This Week in Glean: Data Reviews are Important, Glean Parser makes them Easy

(“This Week in Glean” is a series of blog posts that the Glean Team at Mozilla is using to try to communicate better about our work. They could be release notes, documentation, hopes, dreams, or whatever: so long as it is inspired by Glean.) All “This Week in Glean” blog posts are listed in the TWiG index).

At Mozilla we put a lot of stock in Openness. Source? Open. Bug tracker? Open. Discussion Forums (Fora?)? Open (synchronous and asynchronous).

We also have an open process for determining if a new or expanded data collection in a Mozilla project is in line with our Privacy Principles and Policies: Data Review.

Basically, when a new piece of instrumentation is put up for code review (or before, or after), the instrumentor fills out a form and asks a volunteer Data Steward to review it. If the instrumentation (as explained in the filled-in form) is obviously in line with our privacy commitments to our users, the Data Steward gives it the go-ahead to ship.

(If it isn’t _obviously_ okay then we kick it up to our Trust Team to make the decision.
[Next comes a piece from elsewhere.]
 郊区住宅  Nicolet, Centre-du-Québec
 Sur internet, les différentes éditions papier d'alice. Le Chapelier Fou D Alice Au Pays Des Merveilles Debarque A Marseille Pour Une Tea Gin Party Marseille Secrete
They sit next to Legal, in case you need to find them.)

The Data Review Process and its forms are very generic. They’re designed to work for any instrumentation (tab count, bytes transferred, theme colour) being added to any project (Firefox Desktop, mozilla.org, Focus) and being collected by any data collection system (Firefox Telemetry, Crash Reporter, Glean). This is great for the process as it means we can use it and rely on it anywhere.
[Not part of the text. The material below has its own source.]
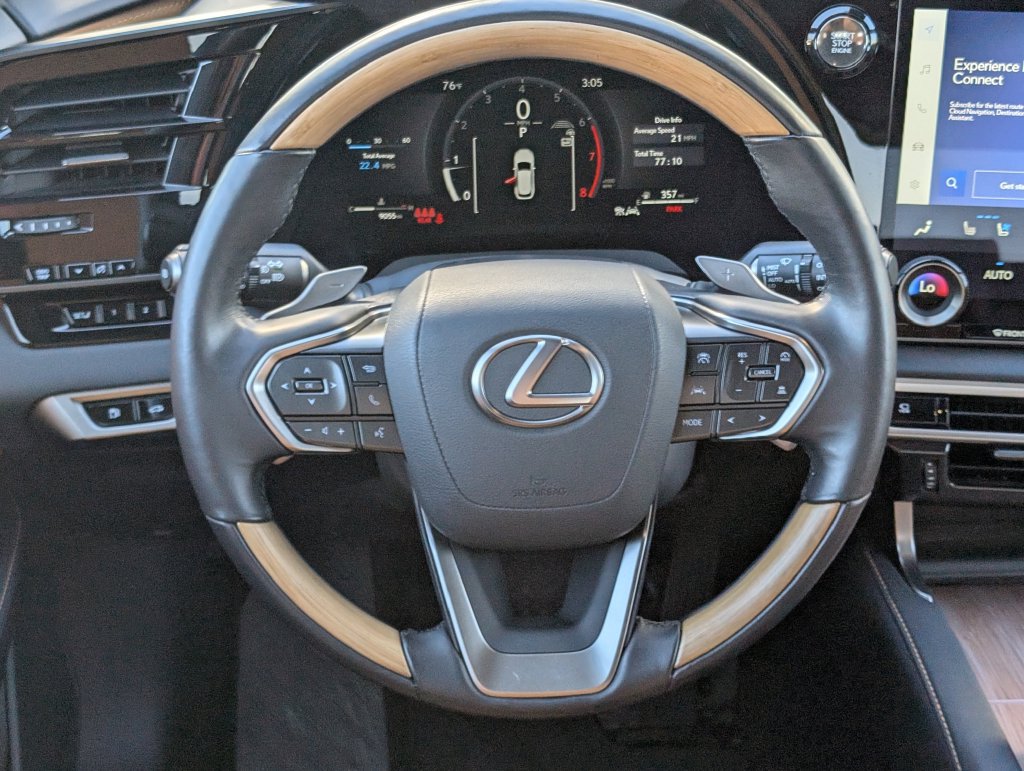Used 2025 Lexus RX 350 Premium w/ Accessory Package (Z1) FWD image 17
It isn’t so great for users _of_ the process. If you only ever write Data Reviews for one system, you’ll find yourself answering the same questions with the same answers every time.

And Glean makes this worse (better?) by including in its metrics definitions almost every piece of information you need in order to answer the review. So now you get to write the answers first in YAML and then in English during Data Review.

But no more! Introducing glean_parser data-review and mach data-review: command-line tools that will generate for you a Data Review Request skeleton with all the easy parts filled in. It works like this:

Write your instrumentation, providing full information in the metrics definition.
Call python -m glean_parser data-review <bug_number> <list of metrics.yaml files> (or mach data-review <bug_number> if you’re adding the instrumentation to Firefox Desktop).
glean_parser will parse the metrics definitions files, pull out only the definitions that were added or changed in <bug_number>, and then output a partially-filled-out form for you.

Here’s an example. Say I’m working on bug 1664461 and add a new piece of instrumentation to Firefox Desktop:

fog.ipc:
  replay_failures:
    type: counter
    description: |
      The number of times the ipc buffer failed to be replayed in the
      parent process.
    bugs:
      - https://bugzilla.mozilla.org/show_bug.cgi?id=1664461
    data_reviews:
      - https://bugzilla.mozilla.org/show_bug.cgi?id=1664461
    data_sensitivity:
      - technical
    notification_emails:
      - chutten@mozilla.com
      - glean-team@mozilla.com
    expires: never

I’m sure to fill in the `bugs` field correctly (because that’s important on its own _and_ it’s what glean_parser data-review uses to find which data I added), and have categorized the data_sensitivity. I also included a helpful description. (The data_reviews field currently points at the bug I’ll attach the Data Review Request for. I’d better remember to come back before I land this code and update it to point at the specific comment…)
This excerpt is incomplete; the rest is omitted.